**Work to complete**. Give back every record below in full and exactly, but without a single image.

(Raw data)

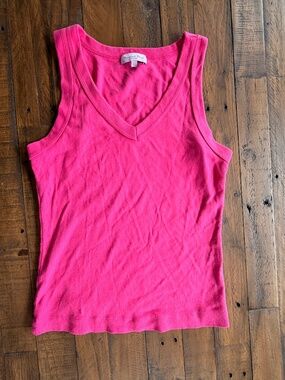Michael Stars Maya V-Neck Tank Hot Pink Sleeveless Top Size L Made in USA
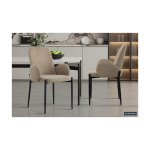 Eetkamerstoel 'Bilbao' Stof Zand, Poten metaal en bekleding stof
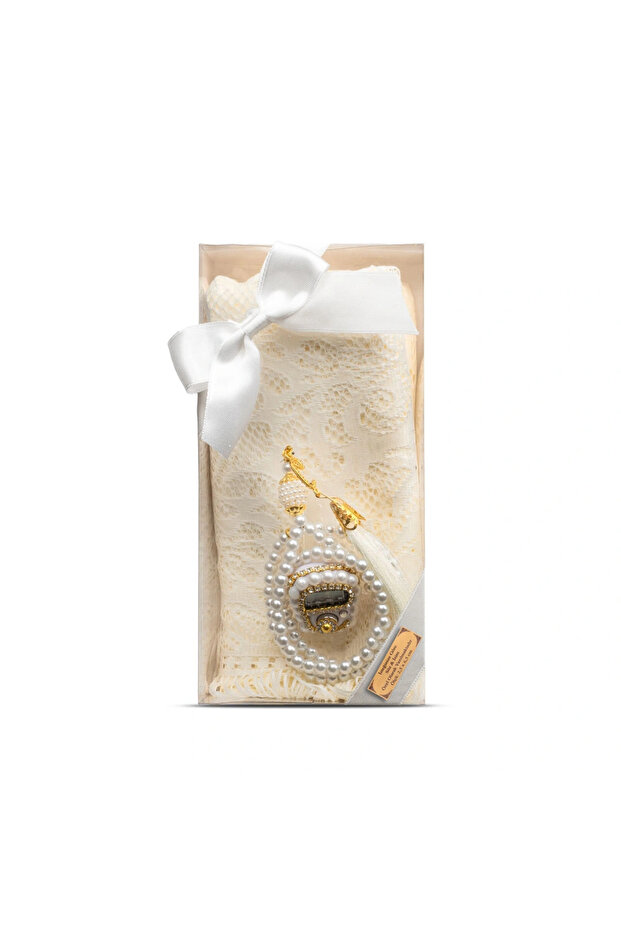 Rosary + Lacy Shawl + Zikirmatik Gift Set (Kraft Acetate Box, Cream)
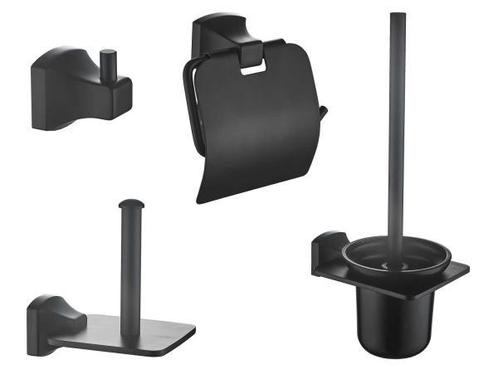 Veiling - Toilet accessoire set, mat zwart 4 delig, Doe-het-zelf en Bouw, Sanitair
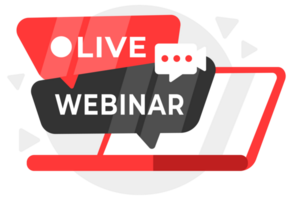 Striking illustration of a Live Webinar concept with speech bubbles, perfect for online educational events and interactive e-learning sessions png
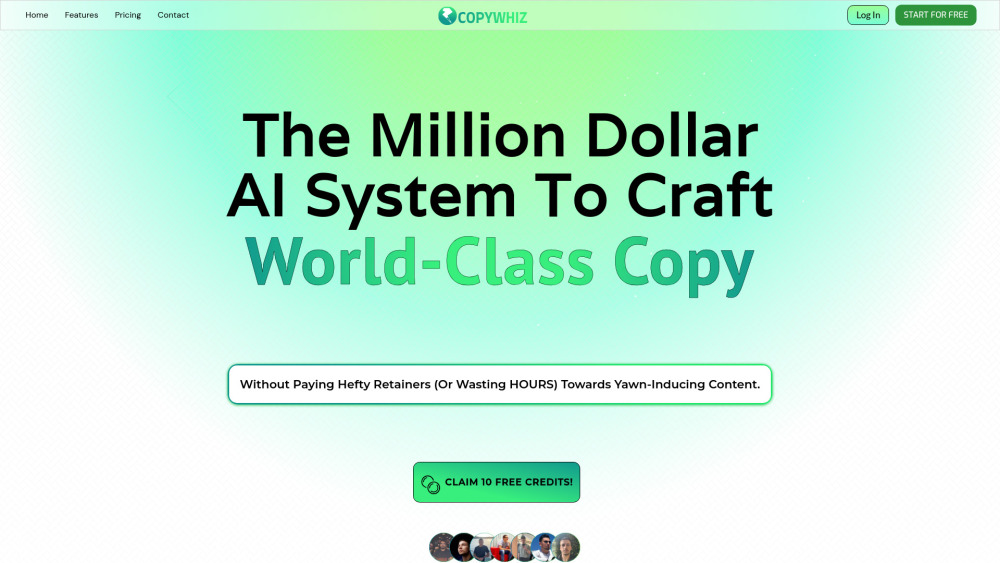 Copywhiz Ai website screenshot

(End Raw data)

**Answer**.
Michael Stars Maya V-Neck Tank Hot Pink Sleeveless Top Size L Made in USA
 Eetkamerstoel 'Bilbao' Stof Zand, Poten metaal en bekleding stof
 Rosary + Lacy Shawl + Zikirmatik Gift Set (Kraft Acetate Box, Cream)
 Veiling - Toilet accessoire set, mat zwart 4 delig, Doe-het-zelf en Bouw, Sanitair
 Striking illustration of a Live Webinar concept with speech bubbles, perfect for online educational events and interactive e-learning sessions png
 Copywhiz Ai website screenshot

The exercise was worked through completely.